%%

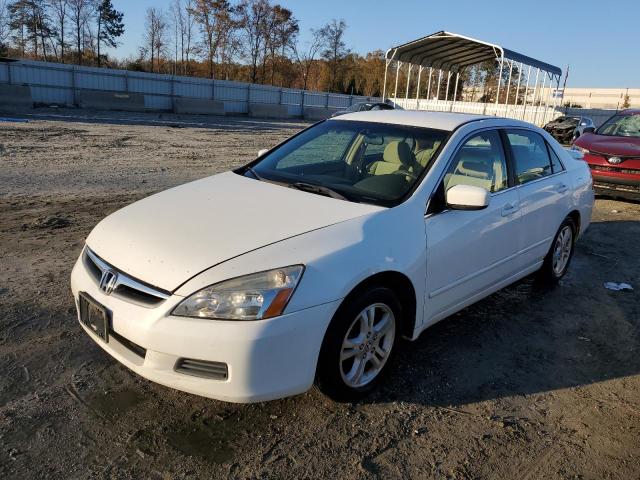 HONDA ACCORD SE 2006 1hgcm56346a010227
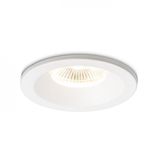 BELLA LED recessed white 230V LED 11W 40° IP65 3000K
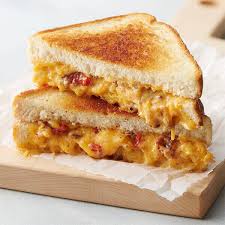 Bacon & Cheese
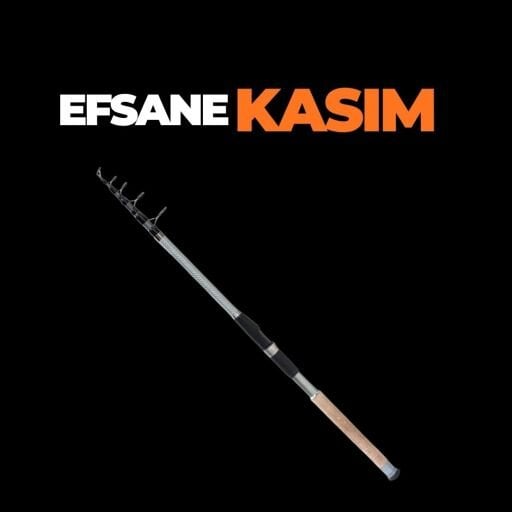 Efsane Kasıma Özel Tüm Olta Modellerinde %10 İndir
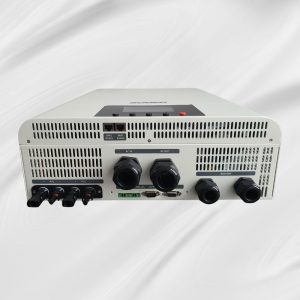 Biến tần SUOER 12000W 48V Wifi + Mạch Wifi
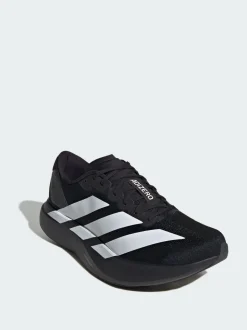 Zwart - adidas Adizero EVO sneakers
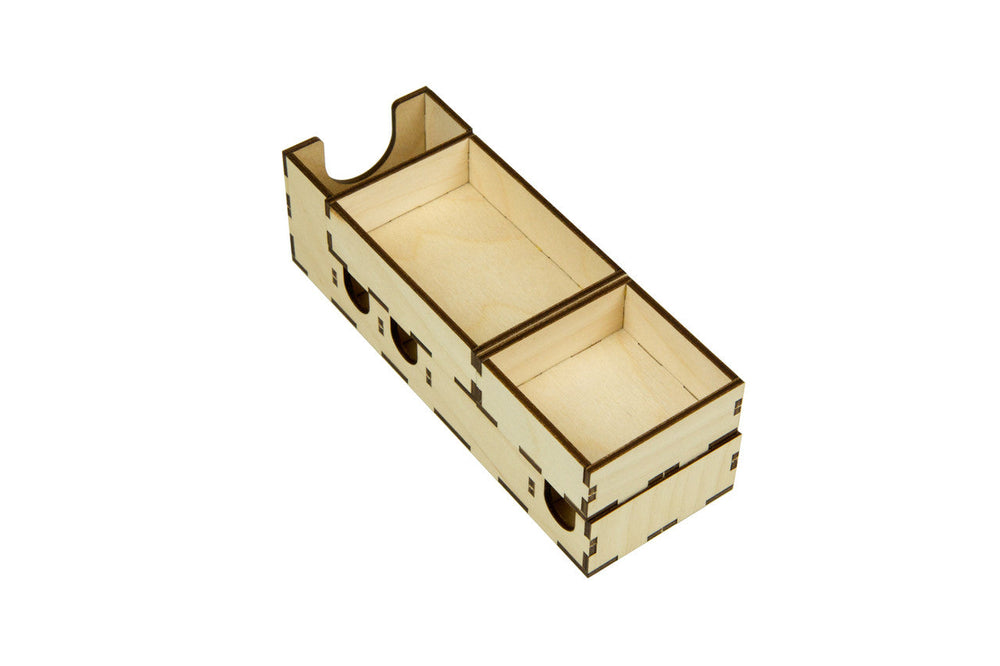 Race for the Galaxy Compatible Game Organizer (ONLINE ORDER ONLY)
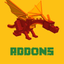 Addons for Minecraft PE ⋆ - AppWisp.com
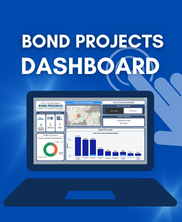 Bond Projects Dashboard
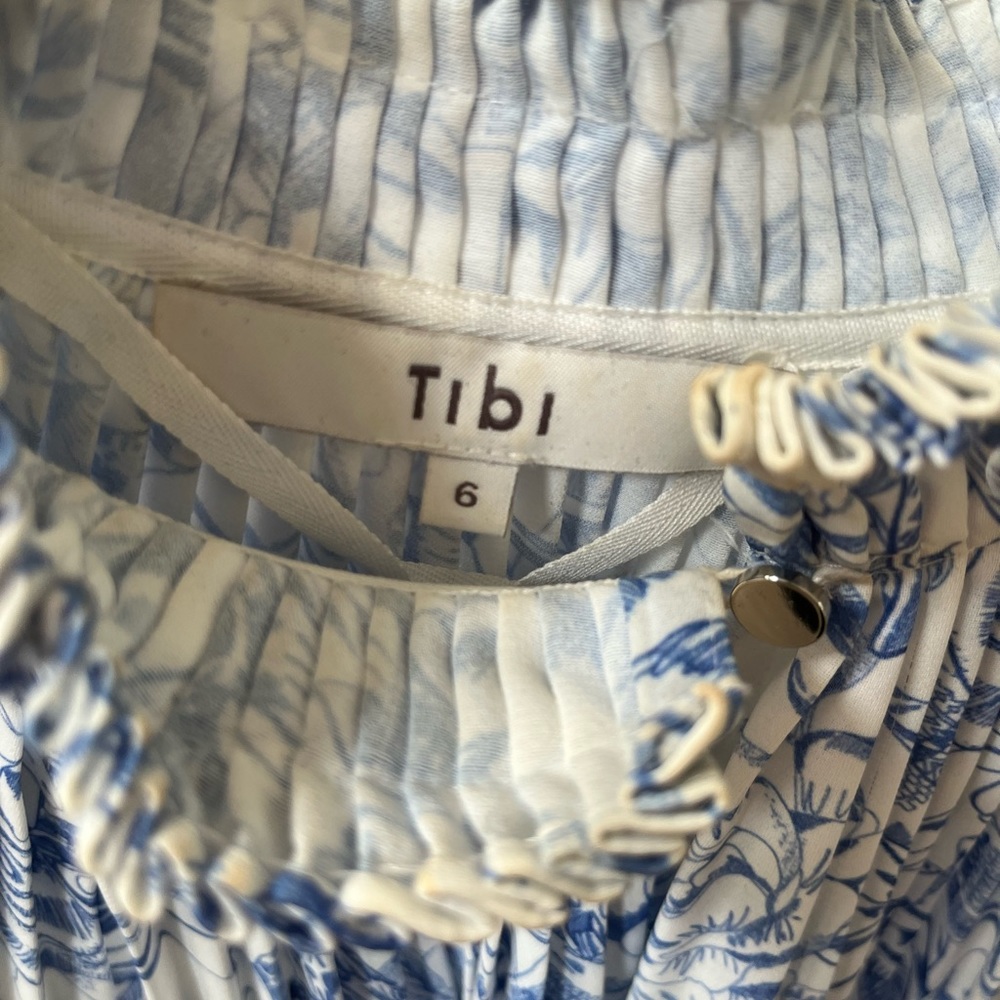 TIBI TOP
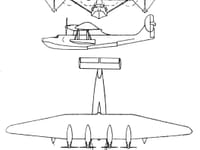 Potez-CAMS 141 - Image 2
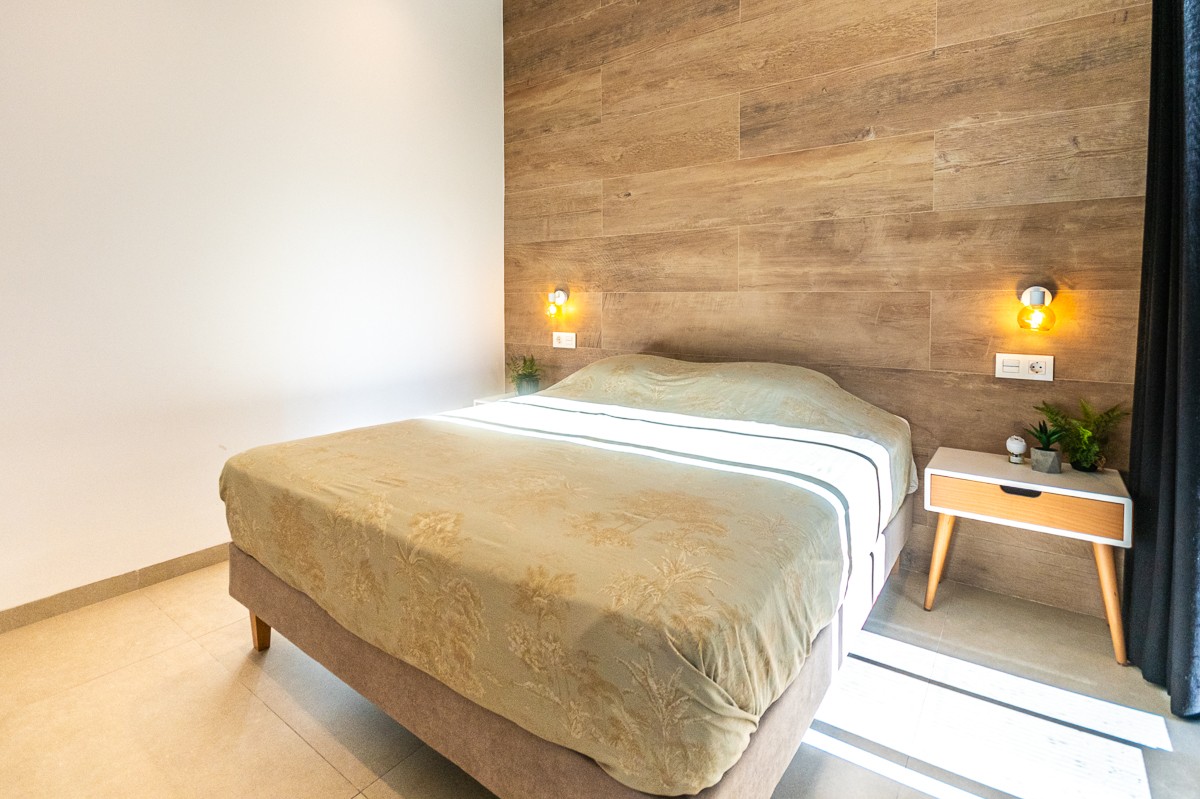 3 Bed, 2 Bath, ApartmentFor Sale, San Pedro Del Pinatar, Murcia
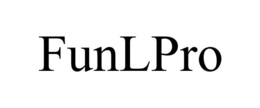 FUNLPRO trademark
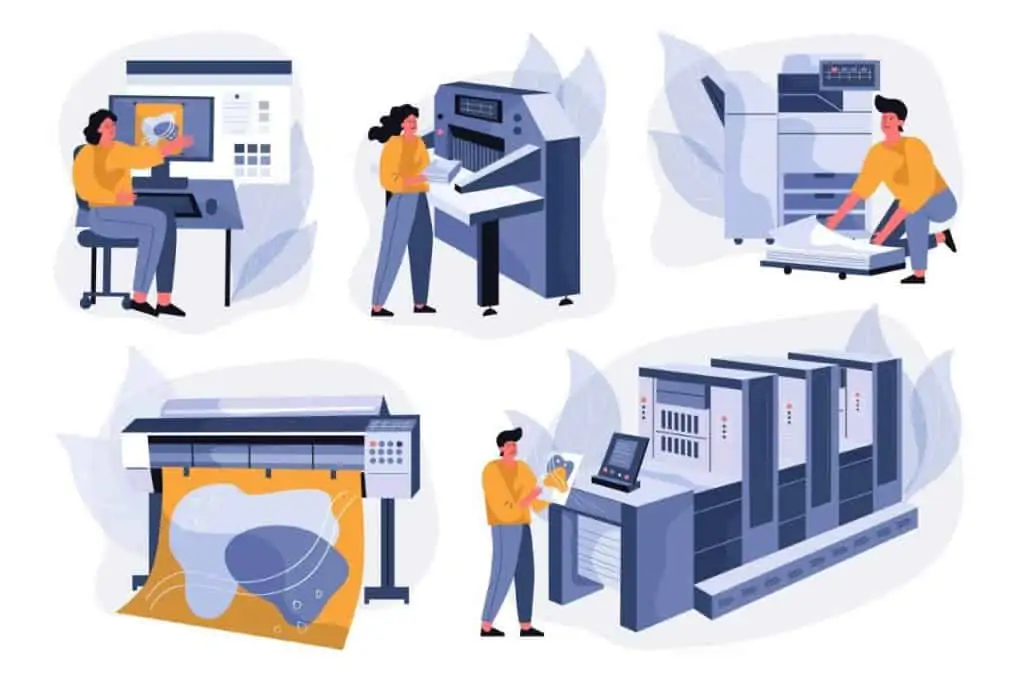 5 Tips to Successful use of your Print MIS Print MIS like PrintVis can have a significant benefit to a print manufacturer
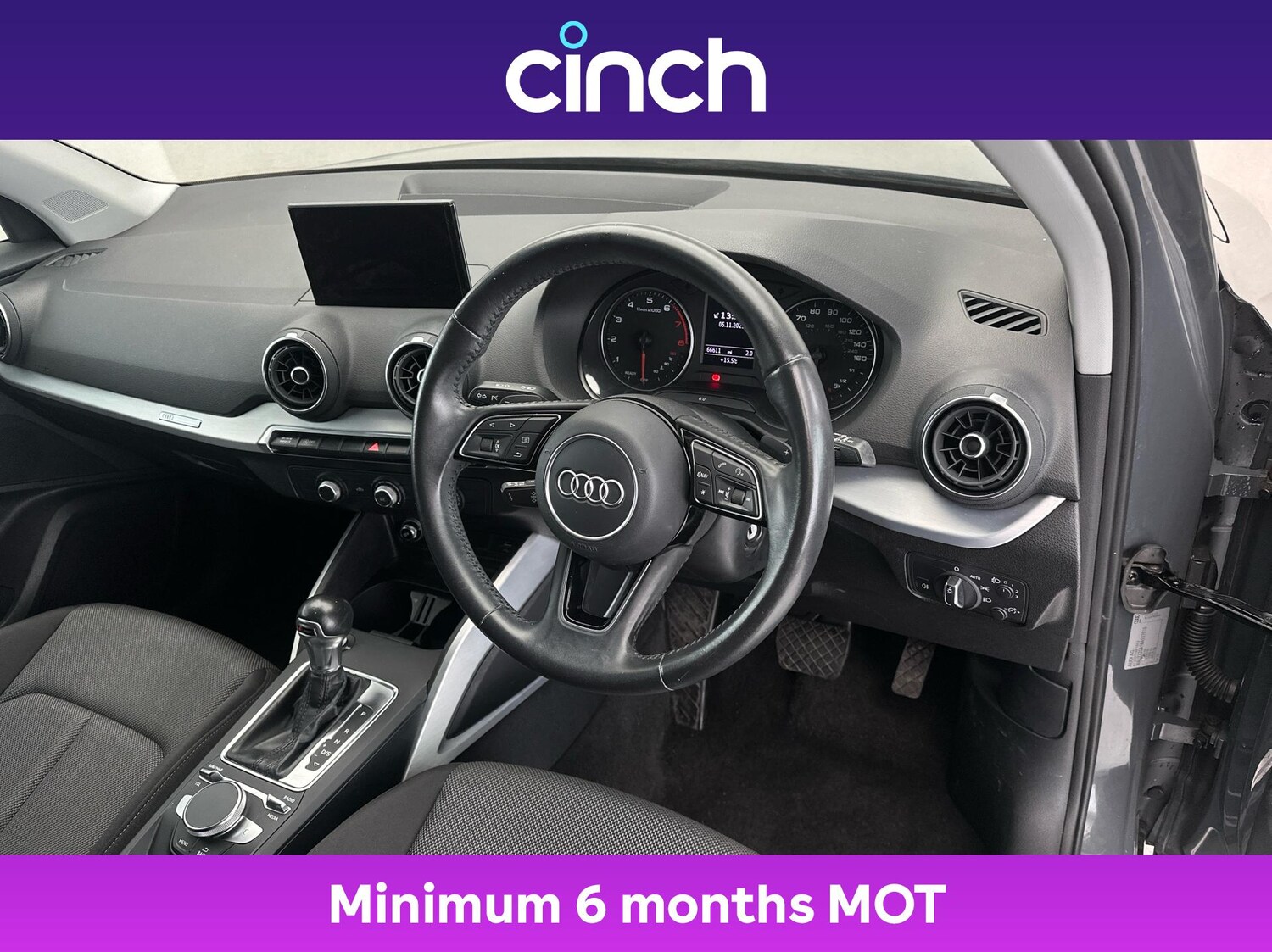 Used Audi Q2 2019 for sale - 76635970: Photo 12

%%

**The task**
What is needed is every line from the one with "Potez-CAMS 141 - Image 2" to the final line of the listing above, set down exactly and with the pictures left out.

**Written solution**
 Potez-CAMS 141 - Image 2
 3 Bed, 2 Bath, ApartmentFor Sale, San Pedro Del Pinatar, Murcia
 FUNLPRO trademark
 5 Tips to Successful use of your Print MIS Print MIS like PrintVis can have a significant benefit to a print manufacturer
 Used Audi Q2 2019 for sale - 76635970: Photo 12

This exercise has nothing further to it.